The transfer of personal data will take place when technical and organisational security measures have been put in place via a contract; or with the consent of the data subject; or where required by law.

Sharing of personal data

In undertaking its services, Bury Council shares personal data with and receives personal from a number of third parties including Members of Parliament, local Councillors, partner organisation and other outside bodies. This is undertaken in accordance with the Data Protection Act 2018 and GDPR, with the necessary data protection impact assessments (DPIA) for high risk data sharing, privacy notices setting out the lawful basis for such sharing and appropriately worded contracts and agreements in place to regulate the process.

Bury Council has undertaken and regularly undertakes a  review of all initiatives that involve working in partnership where data sharing is taking place.  .

Lawful basis for the processing

Please refer to the relevant privacy notice for information relating to the lawful basis, further information on the purpose, lawful basis and retention periods.
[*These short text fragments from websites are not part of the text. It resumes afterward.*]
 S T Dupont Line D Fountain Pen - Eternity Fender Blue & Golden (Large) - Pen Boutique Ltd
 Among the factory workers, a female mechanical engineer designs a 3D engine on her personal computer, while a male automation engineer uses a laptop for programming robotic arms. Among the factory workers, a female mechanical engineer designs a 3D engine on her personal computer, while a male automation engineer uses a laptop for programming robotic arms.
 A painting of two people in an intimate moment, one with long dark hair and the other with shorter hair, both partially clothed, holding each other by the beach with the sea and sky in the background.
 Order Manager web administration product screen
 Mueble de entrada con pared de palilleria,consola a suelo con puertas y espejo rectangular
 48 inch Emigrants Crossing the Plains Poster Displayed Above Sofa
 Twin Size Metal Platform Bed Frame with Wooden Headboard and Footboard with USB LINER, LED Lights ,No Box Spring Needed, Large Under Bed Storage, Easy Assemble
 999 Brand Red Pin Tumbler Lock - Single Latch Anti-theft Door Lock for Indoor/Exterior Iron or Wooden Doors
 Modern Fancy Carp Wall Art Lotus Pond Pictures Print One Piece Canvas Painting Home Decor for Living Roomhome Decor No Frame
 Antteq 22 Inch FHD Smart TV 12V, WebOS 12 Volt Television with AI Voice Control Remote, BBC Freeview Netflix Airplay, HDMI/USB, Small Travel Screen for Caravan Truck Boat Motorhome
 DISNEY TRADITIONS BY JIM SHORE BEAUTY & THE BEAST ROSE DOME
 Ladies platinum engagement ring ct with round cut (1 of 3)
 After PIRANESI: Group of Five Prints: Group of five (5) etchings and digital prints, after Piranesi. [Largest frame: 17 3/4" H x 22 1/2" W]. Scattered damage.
These can be found at: Bury Council corporate privacy notice or Service specific privacy notices.

The Council takes organisational security seriously and includes measures such as the following, but not limited to:

  • Staff training
  • Organisational Policies
  • Technical Controls
  • User access controls
  • Security at rest
  • Security in transit
  • Pseudonymisation
  • Anonymisation
  • Business Continuity and resilience planning including backups
  • Robust security updates including timely patching and anti-virus software
  • Physical security e.g. restricted room access, etc.
  • Independent vulnerability testing
  • Data Protection Impact Assessments
  • Contractual controls
  • Data minimisation
  • Retention management
  • Supplier Accreditation checks

In accordance with Article 30(2) of the GDPR, Bury Council Contracts will require data processors to keep a record of the above when it is processing data on behalf of Bury Council unless it is exempt from doing so, such as:

  • it is an enterprise or an organisation employing fewer than 250 people, and;
  • it isn't processing data that it is likely to result in a risk to the rights and freedoms of data subjects;
  • the processing is occasional; or
  • the processing does not include special categories of data or personal data relating to criminal convictions and offences.

Internal processing activities

Bury Council has undertaken a full review of all systems that process personal data to ensure that all processing has been accounted for. These will include both manual and electronic systems, which will comply with the Council's requirements in terms of security, risks assessed via the undertaking of a DPIA and will be referred to as required in the relevant privacy notices.